Её имя выходит смехом.

И визгом, потому что подушкой по макушке мне прилетает без предупреждения и объявления войны. И пустой бокал на ближайшую поверхность я отставляю поспешно, уворачиваюсь от очередной подушки и несусь зигзагами в спальню.

К кровати.

На которой подушек много, и где-то между ними меня притопить пытаются. Или задушить одной из них.
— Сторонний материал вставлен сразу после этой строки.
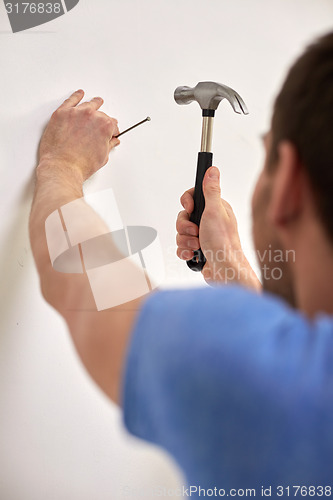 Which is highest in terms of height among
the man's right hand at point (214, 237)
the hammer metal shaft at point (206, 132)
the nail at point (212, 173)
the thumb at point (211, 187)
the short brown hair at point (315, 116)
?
the short brown hair at point (315, 116)

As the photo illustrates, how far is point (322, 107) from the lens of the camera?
0.51 meters

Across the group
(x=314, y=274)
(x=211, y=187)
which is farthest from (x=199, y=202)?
(x=314, y=274)

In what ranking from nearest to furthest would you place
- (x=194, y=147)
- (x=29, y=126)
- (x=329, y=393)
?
(x=329, y=393) → (x=29, y=126) → (x=194, y=147)

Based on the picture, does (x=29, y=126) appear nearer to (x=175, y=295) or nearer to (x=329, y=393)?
(x=175, y=295)

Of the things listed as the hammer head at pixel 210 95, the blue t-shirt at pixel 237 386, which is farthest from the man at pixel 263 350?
the hammer head at pixel 210 95

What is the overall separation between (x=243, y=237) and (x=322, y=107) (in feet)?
2.10

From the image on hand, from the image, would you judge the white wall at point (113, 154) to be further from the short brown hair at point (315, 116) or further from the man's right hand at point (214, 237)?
the short brown hair at point (315, 116)

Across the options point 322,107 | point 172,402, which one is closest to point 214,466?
point 172,402

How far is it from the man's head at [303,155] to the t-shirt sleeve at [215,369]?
9 cm

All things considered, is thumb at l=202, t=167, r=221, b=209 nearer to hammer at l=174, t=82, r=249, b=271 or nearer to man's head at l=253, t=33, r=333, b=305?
hammer at l=174, t=82, r=249, b=271

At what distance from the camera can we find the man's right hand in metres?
0.97

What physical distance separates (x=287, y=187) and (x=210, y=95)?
0.44 meters

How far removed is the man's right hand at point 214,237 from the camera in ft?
3.19

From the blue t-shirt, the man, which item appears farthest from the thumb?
the blue t-shirt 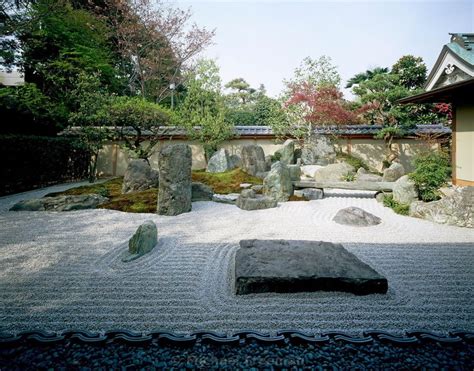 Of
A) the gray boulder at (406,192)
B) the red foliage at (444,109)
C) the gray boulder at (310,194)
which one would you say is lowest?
the gray boulder at (310,194)

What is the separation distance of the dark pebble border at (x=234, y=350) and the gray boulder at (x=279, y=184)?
6.03 m

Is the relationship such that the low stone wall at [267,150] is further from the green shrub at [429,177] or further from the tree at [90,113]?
the green shrub at [429,177]

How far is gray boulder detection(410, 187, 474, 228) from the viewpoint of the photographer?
5348 mm

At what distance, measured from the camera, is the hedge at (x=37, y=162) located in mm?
8727

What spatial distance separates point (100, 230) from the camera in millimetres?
5266

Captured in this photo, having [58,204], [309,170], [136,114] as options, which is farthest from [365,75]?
[58,204]

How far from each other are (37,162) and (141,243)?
844 cm

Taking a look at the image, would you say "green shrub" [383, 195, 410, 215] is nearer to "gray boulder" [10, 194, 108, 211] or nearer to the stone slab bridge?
the stone slab bridge

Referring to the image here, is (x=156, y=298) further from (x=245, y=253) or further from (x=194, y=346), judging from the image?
(x=245, y=253)

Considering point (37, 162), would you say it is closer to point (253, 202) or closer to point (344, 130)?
point (253, 202)

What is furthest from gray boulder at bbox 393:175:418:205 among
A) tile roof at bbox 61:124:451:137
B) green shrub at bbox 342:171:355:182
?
tile roof at bbox 61:124:451:137

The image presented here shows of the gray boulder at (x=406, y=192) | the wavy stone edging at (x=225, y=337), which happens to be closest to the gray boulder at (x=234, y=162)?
the gray boulder at (x=406, y=192)

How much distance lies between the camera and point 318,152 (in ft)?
46.2

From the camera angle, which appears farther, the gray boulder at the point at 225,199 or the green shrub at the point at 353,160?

Ещё защекотать, а потому спасаюсь я отчаянно.

— Енька, я сдаюсь!

— Там стилист приехал, а вы тут бухаете! Невесте как бы переживать положено, алкоголичка местная!

— О чём?

— О времени, Алинка!

— Его ещё много, — подушку, нацеленную мне в лицо, я отбираю с пыхтением, проклинаю мысленно Ивницкую, которая на помощь не спешит, как бутылку искать, так она первой была, а тут… — Ень, мы всё успеем. Клянусь!

— Мам!

— Мала-мала, куча мала!

Хохот и крики на нас обрушиваются неожиданно и враз. Наваливаются сверху два чудовища, которых Жека по непонятной мне причине упорно зовёт принцессами.

Ага, ужасов, если только.

— Юля! Аня!

— Ма-а-ам… — мартышки вопят хором.

Лезут обниматься и целоваться.

Тоже сражаться.

И стоящего в дверях Жеку я, подняв голову и чуть отползя в сторону, замечаю. Он, наблюдая за нами, снисходительно усмехается. Не торопится, сложив ручищи на широкой груди, спасать любимую жену, у которой левую ногу среди подушек и детей только и видно.
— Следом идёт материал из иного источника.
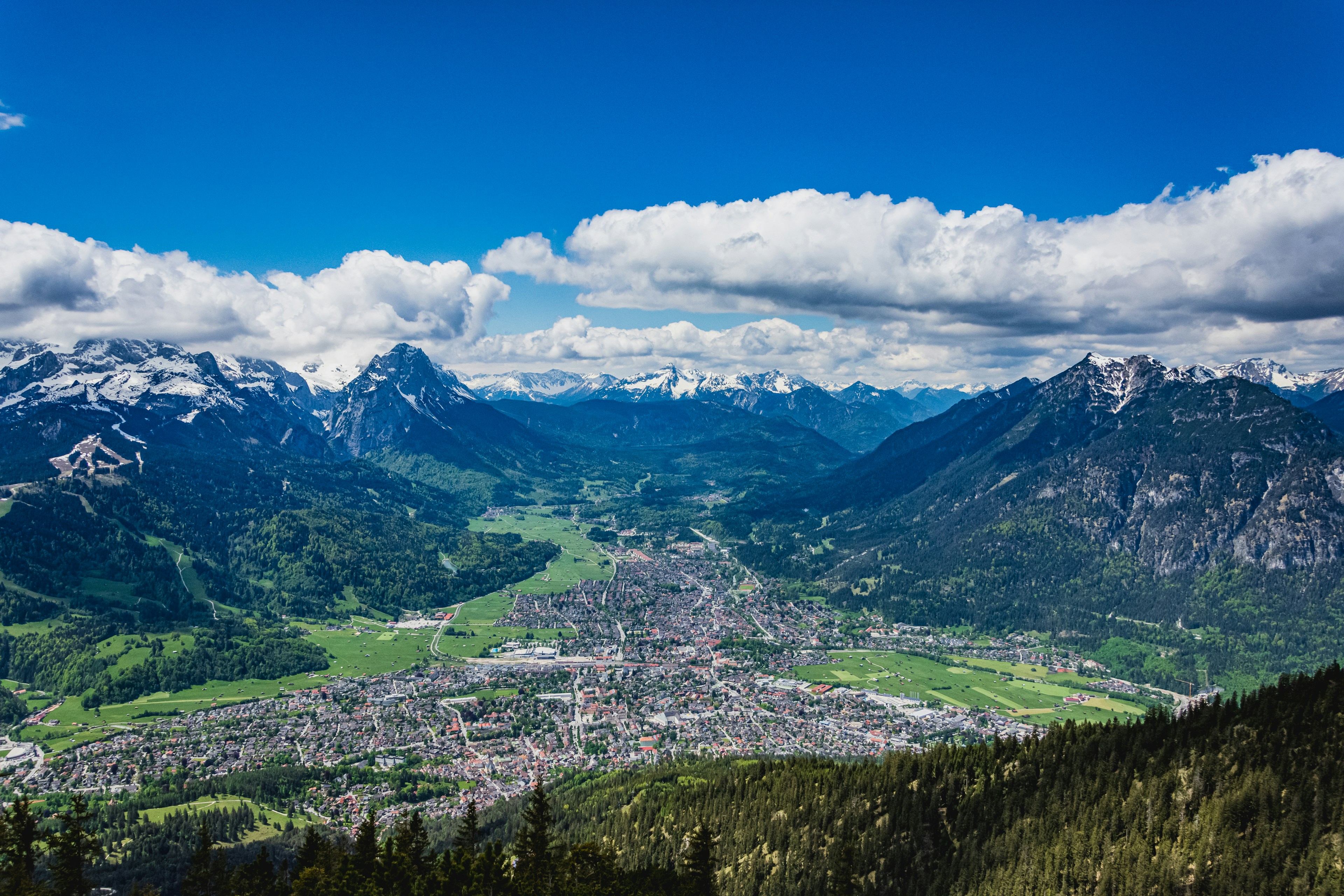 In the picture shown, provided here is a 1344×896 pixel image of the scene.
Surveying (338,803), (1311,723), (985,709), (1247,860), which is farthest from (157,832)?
(985,709)

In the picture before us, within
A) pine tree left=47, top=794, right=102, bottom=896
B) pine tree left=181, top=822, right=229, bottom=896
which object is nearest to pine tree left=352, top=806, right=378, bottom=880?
pine tree left=181, top=822, right=229, bottom=896

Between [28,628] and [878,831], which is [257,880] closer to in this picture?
[878,831]

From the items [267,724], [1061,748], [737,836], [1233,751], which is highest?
[1233,751]

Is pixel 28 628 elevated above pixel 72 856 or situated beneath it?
situated beneath

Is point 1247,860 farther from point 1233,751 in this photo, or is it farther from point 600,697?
point 600,697

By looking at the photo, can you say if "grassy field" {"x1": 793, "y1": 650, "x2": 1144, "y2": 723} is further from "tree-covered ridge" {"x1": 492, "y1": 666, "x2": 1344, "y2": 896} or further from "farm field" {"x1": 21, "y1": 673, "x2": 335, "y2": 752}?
"farm field" {"x1": 21, "y1": 673, "x2": 335, "y2": 752}

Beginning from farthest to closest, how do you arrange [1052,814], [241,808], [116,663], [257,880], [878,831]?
[116,663] → [241,808] → [878,831] → [1052,814] → [257,880]

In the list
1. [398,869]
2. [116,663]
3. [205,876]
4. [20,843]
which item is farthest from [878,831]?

— Так, хорош, — о, жену Жека всё-таки спасает, вытаскивает за вытянутые к нему руки, помогая вертикальное положение принять и рубашку одёрнуть. — Маму я себе забираю.

— Ну, па-а-ап…

— Ты маму уже забирал переодеваться, — Юлька, старшая, губы дует обиженно.
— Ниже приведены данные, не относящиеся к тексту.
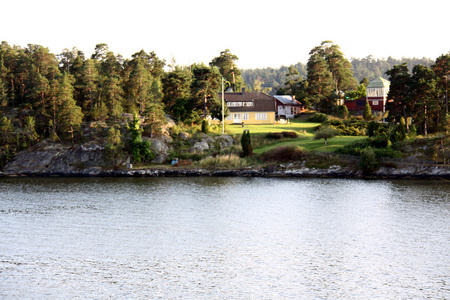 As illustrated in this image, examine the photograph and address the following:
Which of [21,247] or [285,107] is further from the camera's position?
[285,107]

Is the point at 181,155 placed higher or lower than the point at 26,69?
lower

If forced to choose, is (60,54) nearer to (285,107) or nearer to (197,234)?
(285,107)

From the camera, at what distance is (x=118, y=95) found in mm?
84438

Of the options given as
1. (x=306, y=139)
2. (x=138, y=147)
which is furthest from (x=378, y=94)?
(x=138, y=147)

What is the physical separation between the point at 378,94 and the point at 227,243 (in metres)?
90.5

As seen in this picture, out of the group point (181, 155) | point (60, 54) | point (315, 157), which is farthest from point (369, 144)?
point (60, 54)

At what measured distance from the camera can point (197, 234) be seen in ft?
114

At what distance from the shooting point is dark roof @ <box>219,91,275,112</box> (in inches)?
4131

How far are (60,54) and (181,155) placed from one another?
53.8 m

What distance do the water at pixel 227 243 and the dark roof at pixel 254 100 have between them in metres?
51.5

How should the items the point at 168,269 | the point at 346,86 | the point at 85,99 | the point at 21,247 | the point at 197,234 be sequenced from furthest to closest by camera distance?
1. the point at 346,86
2. the point at 85,99
3. the point at 197,234
4. the point at 21,247
5. the point at 168,269

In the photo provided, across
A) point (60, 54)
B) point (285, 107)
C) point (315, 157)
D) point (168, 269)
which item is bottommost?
point (168, 269)

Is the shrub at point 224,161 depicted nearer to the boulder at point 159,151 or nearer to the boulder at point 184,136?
the boulder at point 159,151

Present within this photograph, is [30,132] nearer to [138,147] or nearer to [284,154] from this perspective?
[138,147] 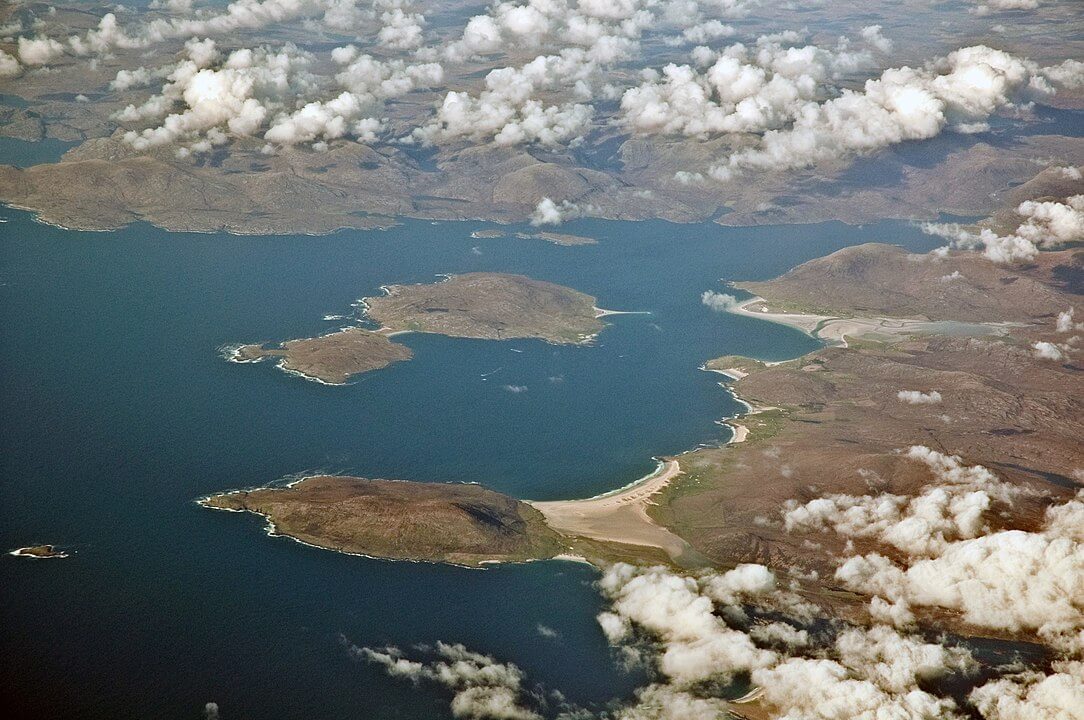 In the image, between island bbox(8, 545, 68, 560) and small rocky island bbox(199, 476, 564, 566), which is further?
small rocky island bbox(199, 476, 564, 566)

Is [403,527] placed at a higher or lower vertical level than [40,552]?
lower

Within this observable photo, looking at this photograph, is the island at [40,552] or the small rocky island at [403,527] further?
the small rocky island at [403,527]

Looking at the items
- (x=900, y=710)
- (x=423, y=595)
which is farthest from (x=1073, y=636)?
(x=423, y=595)

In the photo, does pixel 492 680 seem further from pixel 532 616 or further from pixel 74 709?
pixel 74 709

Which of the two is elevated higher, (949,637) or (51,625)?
(51,625)

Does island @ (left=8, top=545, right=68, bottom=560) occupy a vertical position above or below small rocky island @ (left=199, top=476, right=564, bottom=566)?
above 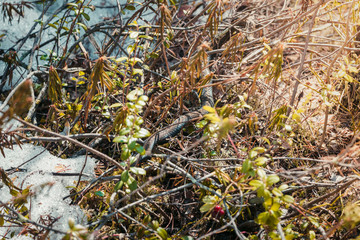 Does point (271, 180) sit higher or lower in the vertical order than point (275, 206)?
higher

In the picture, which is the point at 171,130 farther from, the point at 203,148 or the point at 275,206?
the point at 275,206

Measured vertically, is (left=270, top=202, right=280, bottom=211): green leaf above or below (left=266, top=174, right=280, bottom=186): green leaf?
below

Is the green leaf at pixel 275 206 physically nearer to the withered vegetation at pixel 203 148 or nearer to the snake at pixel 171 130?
the withered vegetation at pixel 203 148

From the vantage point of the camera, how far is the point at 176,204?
1.87 metres

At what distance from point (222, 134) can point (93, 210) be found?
1.03 metres

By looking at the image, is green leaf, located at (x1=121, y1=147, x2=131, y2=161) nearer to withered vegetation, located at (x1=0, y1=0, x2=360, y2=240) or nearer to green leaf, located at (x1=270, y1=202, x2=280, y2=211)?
withered vegetation, located at (x1=0, y1=0, x2=360, y2=240)

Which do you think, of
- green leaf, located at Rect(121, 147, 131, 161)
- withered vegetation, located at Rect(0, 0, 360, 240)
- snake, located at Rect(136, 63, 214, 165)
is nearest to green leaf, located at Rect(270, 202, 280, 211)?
withered vegetation, located at Rect(0, 0, 360, 240)

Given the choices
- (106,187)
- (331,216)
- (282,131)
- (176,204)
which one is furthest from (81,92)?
(331,216)

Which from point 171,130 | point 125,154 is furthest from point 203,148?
point 125,154

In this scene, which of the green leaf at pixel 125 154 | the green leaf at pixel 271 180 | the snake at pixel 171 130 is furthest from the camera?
the snake at pixel 171 130

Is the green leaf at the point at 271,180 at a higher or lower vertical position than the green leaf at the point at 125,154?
lower

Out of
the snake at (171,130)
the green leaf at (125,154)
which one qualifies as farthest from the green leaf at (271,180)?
the snake at (171,130)

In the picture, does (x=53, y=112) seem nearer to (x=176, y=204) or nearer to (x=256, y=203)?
(x=176, y=204)

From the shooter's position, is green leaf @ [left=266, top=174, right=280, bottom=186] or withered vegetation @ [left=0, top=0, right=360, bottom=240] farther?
withered vegetation @ [left=0, top=0, right=360, bottom=240] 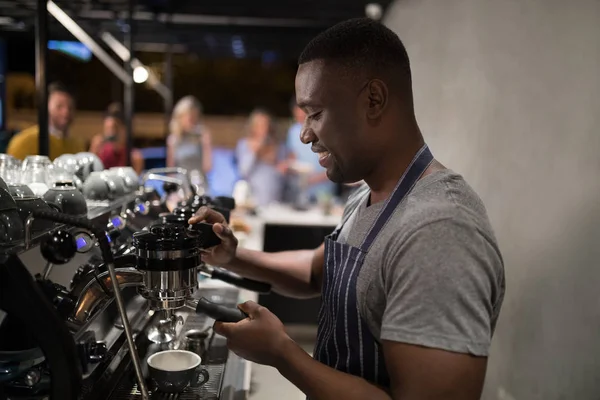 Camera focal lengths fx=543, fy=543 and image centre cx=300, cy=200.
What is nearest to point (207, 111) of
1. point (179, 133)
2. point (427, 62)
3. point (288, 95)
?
point (288, 95)

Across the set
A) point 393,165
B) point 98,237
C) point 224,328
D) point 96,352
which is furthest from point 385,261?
point 96,352

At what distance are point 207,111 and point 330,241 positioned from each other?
1464 centimetres

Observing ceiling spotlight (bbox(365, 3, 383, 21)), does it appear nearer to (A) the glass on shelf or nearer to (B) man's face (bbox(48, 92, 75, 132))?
(B) man's face (bbox(48, 92, 75, 132))

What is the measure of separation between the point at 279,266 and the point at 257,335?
604mm

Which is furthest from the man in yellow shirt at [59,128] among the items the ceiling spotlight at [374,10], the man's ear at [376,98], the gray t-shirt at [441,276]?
the gray t-shirt at [441,276]

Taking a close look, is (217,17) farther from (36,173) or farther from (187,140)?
(36,173)

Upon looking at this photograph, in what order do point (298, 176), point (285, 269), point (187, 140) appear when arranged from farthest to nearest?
point (187, 140) < point (298, 176) < point (285, 269)

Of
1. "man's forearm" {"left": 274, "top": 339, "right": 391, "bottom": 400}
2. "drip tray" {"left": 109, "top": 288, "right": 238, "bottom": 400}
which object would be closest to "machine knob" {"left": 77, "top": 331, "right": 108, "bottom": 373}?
"drip tray" {"left": 109, "top": 288, "right": 238, "bottom": 400}

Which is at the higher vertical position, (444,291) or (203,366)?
(444,291)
А я выразительно выгибаю бровь.

Прохожусь взглядом по Еньке, которая почему-то в рубашке и брюках. А час назад она носилась по отелю в платье. Но комментарии, видя показанный мне за спиной кулак, я благоразумно оставляю при себе.

Получаю подарки чудовищ, из-за которых у себя в номере они и не усидели. И на все-все вопросы про торт, платье и длинную-длинную, вот такую, белую машину я отвечаю. Обещаю клятвенно, что первый и самый большой кусок торта будет точно им.

Точно-точно.

— И фигурку шоколадную нам? — Юля, упирая руки в боки, уточняет деловито.

Щурит глаза, как Енька.

Сходятся угольные ресницы, за которыми лукавые искры прячутся.

— Целых две фигурки, — глаза я округляю.

Делаю рывок к ней, чтоб защекотать. Довести до поросячьего визга, с которым по кровати старшее чудовище удрать от меня пытается, но «Аина», как весело кричит Анька, быстрее. И на появление Рады и щелчки фотоаппарата я уже внимания не обращаю. Не думаю, как мы будем выглядеть.

Даже хорошо, что пара снимков за сегодня получатся настоящими.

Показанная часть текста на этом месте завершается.